Niemal 2700 lat temu, w epoce żelaza, mieszkańcy Półwyspu Arabskiego korzystali z roślin psychoaktywnych. Dowody na to znalazł międzynarodowy zespół naukowców, który wyniki badań opublikował na łamach „Communications Biology”.
W trakcie poszukiwań finansowanych przez saudyjskie ministerstwo kultury archeolodzy natrafili na pozostałości poganka rutowatego na dnie ścianek naczyń ceramicznych używanych przez plemiona osadników.
Zaliczana do środków odurzających roślina należąca do rodziny łużnikowatych była zdaniem naukowców stosowana w epoce żelaza przez osadników w oazie Qurayyah, na północnym zachodzie Arabii Saudyjskiej.
Odkrycie, jak wskazali naukowcy, stanowi pierwszy dowód na stosowanie tej mającej antybakteryjne i inne walory terapeutyczne rośliny do celów odurzania się w starożytności na terenie Półwyspu Arabskiego, prawdopodobnie w celach rytualnych.
Według zespołu naukowego kierowanego przez Barbarę Huber z Instytutu Maxa Plancka roślina ta mogła być spalana w celach wywoływania odmiennych stanów świadomości podczas rozmaitych rytuałów plemiennych w oazie: od rekreacyjnych po pogrzebowe. Jak dodają, roślinę tę spalano w ceramicznych kadzielnicach.
Naukowcy dodali, że na stanowisku Mada’in Salih, oddalonym o 300 km od Qurayyah, znaleziono cząsteczki spalanych roślin psychoaktywnych w przedmiotach używanych podczas pogrzebów.
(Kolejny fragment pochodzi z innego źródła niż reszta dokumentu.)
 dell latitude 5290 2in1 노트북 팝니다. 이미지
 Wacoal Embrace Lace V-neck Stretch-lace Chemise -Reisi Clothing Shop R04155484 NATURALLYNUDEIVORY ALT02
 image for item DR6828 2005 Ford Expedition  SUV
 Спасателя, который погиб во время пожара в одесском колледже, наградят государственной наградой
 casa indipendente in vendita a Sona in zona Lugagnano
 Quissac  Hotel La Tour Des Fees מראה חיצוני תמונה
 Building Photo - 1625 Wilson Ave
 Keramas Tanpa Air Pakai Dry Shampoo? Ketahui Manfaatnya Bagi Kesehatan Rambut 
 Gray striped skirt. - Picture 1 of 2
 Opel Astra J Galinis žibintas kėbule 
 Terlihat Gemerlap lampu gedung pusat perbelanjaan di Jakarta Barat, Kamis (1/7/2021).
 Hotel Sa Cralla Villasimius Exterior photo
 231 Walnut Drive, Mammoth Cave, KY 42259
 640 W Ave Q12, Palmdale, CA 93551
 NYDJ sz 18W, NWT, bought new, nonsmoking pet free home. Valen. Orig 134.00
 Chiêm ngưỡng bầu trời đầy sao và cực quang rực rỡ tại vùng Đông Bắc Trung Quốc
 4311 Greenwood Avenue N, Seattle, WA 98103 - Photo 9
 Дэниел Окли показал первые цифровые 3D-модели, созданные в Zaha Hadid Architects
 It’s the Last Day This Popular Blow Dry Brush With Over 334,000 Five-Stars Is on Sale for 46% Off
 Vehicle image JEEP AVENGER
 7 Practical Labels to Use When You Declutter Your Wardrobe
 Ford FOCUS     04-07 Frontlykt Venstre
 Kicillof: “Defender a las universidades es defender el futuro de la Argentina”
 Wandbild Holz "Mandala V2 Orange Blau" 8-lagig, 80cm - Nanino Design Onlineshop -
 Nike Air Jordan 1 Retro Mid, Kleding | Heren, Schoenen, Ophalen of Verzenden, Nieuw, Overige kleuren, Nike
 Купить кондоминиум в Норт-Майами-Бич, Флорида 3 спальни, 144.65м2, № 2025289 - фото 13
Dlatego według nich konieczne są dalsze prace archeologiczne w Qurayyah, które wykluczą lub potwierdzą hipotezę, że roślina była używana głównie do odurzania się przez uczestników uroczystości pogrzebowych.
Badania te mają też służyć udokumentowaniu innych roślin o właściwościach psychoaktywnych i terapeutycznych na Półwyspie Arabskim w epoce żelaza.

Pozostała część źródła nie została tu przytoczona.